§ **Source records**:

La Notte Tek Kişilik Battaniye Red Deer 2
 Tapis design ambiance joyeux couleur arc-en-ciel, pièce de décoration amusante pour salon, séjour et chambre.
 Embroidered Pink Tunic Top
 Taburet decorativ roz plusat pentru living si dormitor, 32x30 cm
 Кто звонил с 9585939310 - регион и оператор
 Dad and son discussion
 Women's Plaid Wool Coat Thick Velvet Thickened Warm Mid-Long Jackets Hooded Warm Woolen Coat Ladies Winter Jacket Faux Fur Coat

§ **What you are asked to do**: Give back the data exactly.

§ **Finished exercise**:
La Notte Tek Kişilik Battaniye Red Deer 2
 Tapis design ambiance joyeux couleur arc-en-ciel, pièce de décoration amusante pour salon, séjour et chambre.
 Embroidered Pink Tunic Top
 Taburet decorativ roz plusat pentru living si dormitor, 32x30 cm
 Кто звонил с 9585939310 - регион и оператор
 Dad and son discussion
 Women's Plaid Wool Coat Thick Velvet Thickened Warm Mid-Long Jackets Hooded Warm Woolen Coat Ladies Winter Jacket Faux Fur Coat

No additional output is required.